# Advice needed, how to reduce diameter of aluminium bar?



## Helius (Dec 8, 2006)

I have an aluminium bar with a diameter of 32mm which should fit inside an aluminium tube. Problem is the bars diameter is 0.03mm wider than the tubes inside diameter.

I don't have a lathe or any milling machinery so I am looking for ideas. Reduce the diameter of the bar or increase the inside diameter of the tube?

I was thinking of cutting a scrap bit of tube in half, lengthways and putting the two halfs around the bar with a bit of emery paper inbetween. With a lot of vigorous twisting of the bar I may be able to reduce the OD of the bar with a reasonable and consistent accuracy.

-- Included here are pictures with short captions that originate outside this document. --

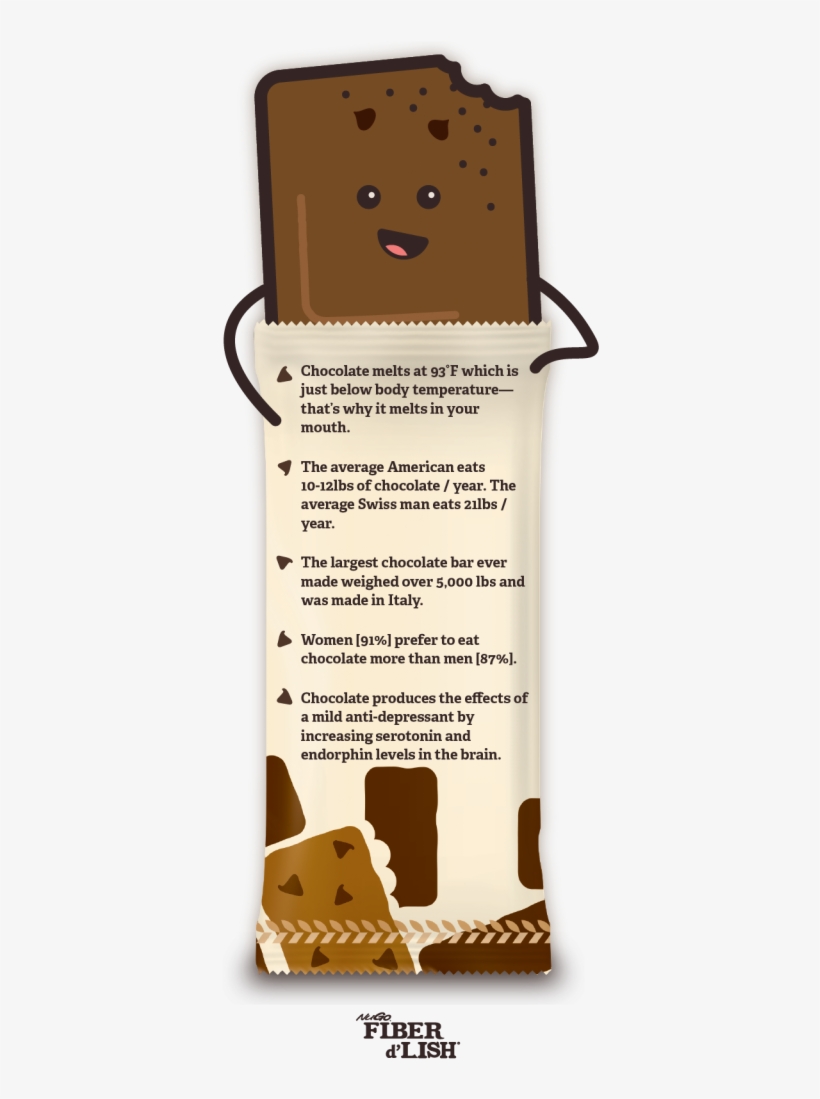 And, Not Only Does Eating Chocolate Make You Feel Good, - Usa Nugo Nutrition Bar - Fiber Dlish - Chocolate Brownie, transparent png
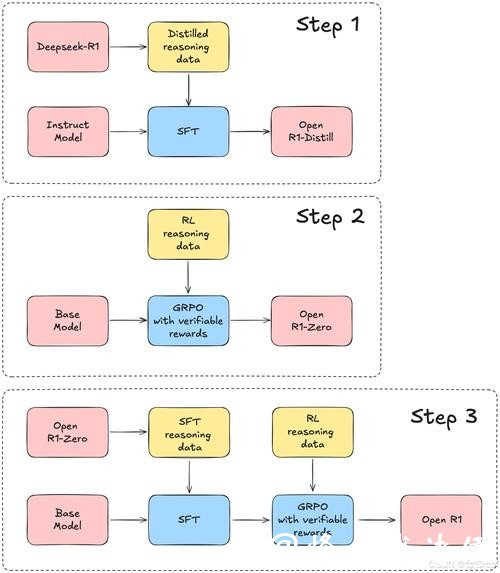 世界杯安全下注平台：押注流程详细解析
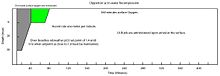 Clipperton(a) In-water Recompression Table Clipperton a IWR.jpg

I don't want to use heat and cold since I need to be able to disassemble the bar and tube when needed.

Any better ideas?

Thanks.


----------



## JimmyM (Dec 8, 2006)

Sorry. I'm on english units. 0.03/25.4=0.0011"/2=0.00055"
You'd only have to remove 0.0006" from the surface to reduce the diam by .0011. Figure printer paper is over 0.0010 thick. That shouldn't be a problem the way you suggested. Use several hose clamps around the length of it to keep pressure more even. Use twisting and sliding to even things out. Sure, it won't be perfect, but if it has to be, then take it to a machine shop.


----------



## LEDcandle (Dec 8, 2006)

I'm no machinist, but I guess I would either wrap the bar round with sandpaper and start 'stroking' it, or use a round file and work on the insides of the alu tube, depending if the file is long enough to file the entire tube (or file by halves).

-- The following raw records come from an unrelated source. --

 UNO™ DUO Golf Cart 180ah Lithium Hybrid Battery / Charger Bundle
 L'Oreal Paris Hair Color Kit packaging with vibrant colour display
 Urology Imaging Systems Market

Of course, the end result will most prob not be perfectly round, depending on your manual skill. I hand-bored my 4D mag by halves, to fit AA batts inside 4 across, only to discover that at the right angle, the batts would fit without boring  The boring took me a good 4-5 days, a few hours each day, to trim away about 1+ mm (est).


----------



## modamag (Dec 8, 2006)

500 grit sand paper would do nicely like LEDcandle said. It would only take 5-10 minute depending on how long your rod is & Al alloy.

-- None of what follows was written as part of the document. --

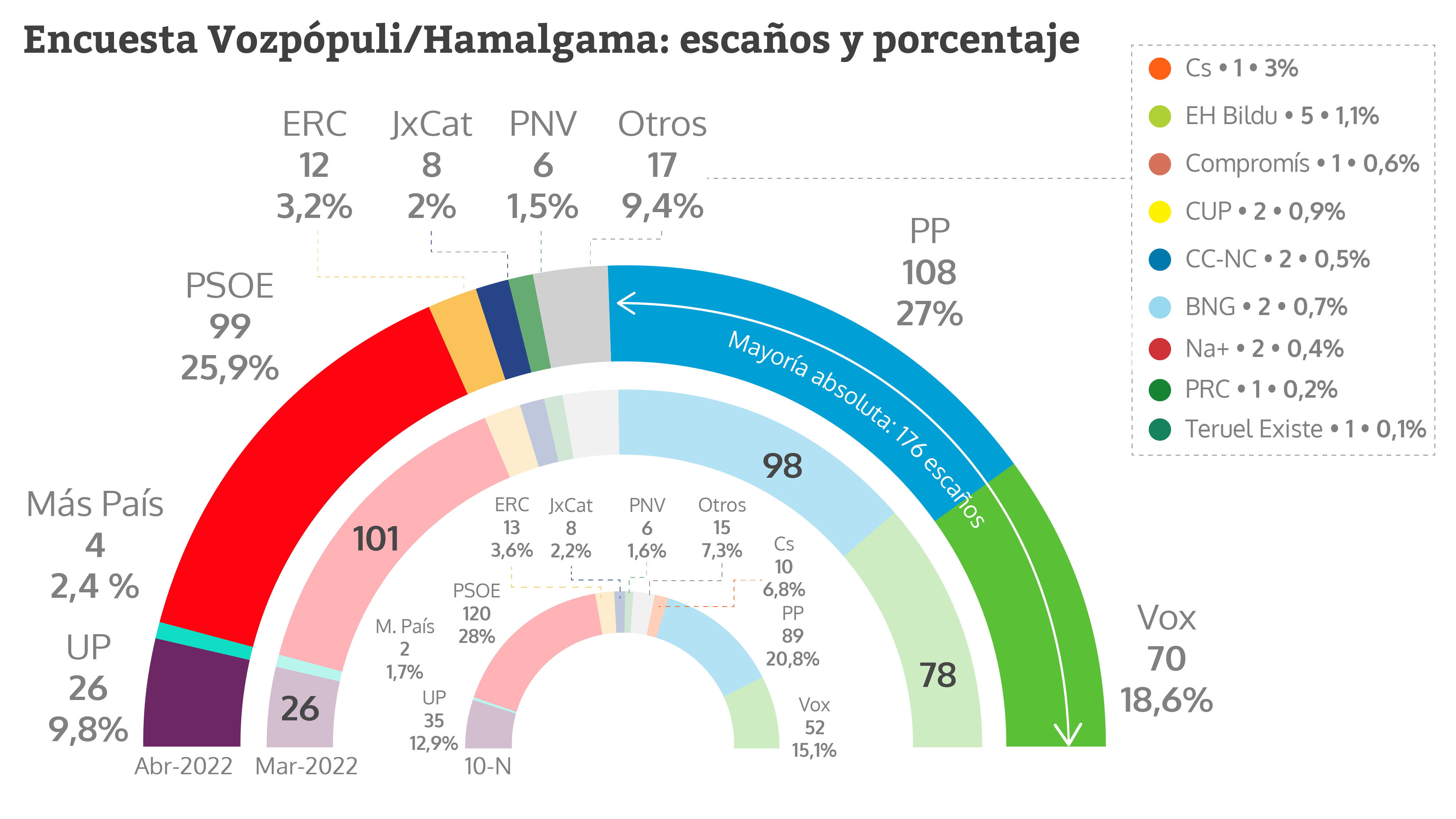 La llegada de Feijóo reflota al PP: gana 10 escaños y 900.000 votos más en un mes
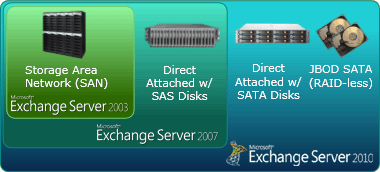 Exchange 2010 Disk Options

Another way is to use thermal gradient. Aluminum will expand ~ 0.1 % / 25C. So if you have a temperature gradient of 50C that will do the trick. The problem is it'll be near impossible to remove it once you get it in.

Good luck.


----------



## Anglepoise (Dec 8, 2006)

Work on the bar, not the tube.
Your idea of the split tube will work fine. Take your time and you will have a perfect fit.


----------



## Helius (Dec 9, 2006)

Thanks for the advice so far. I will give my split tube idea a go first of all. I want to see if it works since I am developing an idea for diy LED Bike lights that reqires the minimum amount of mechanical working. This should make it accessible to a wide range of people who only have a small cold garage and a wibbly wobbly hack saw.

If all else fails, I have discovered that my local college runs a model engineering and basic engineering skills course on tuesday evenings. To late for me to join, but if I hang around outside with my aluminium rod and some bottles of beer (as persuasion) I might get it reduced down.


----------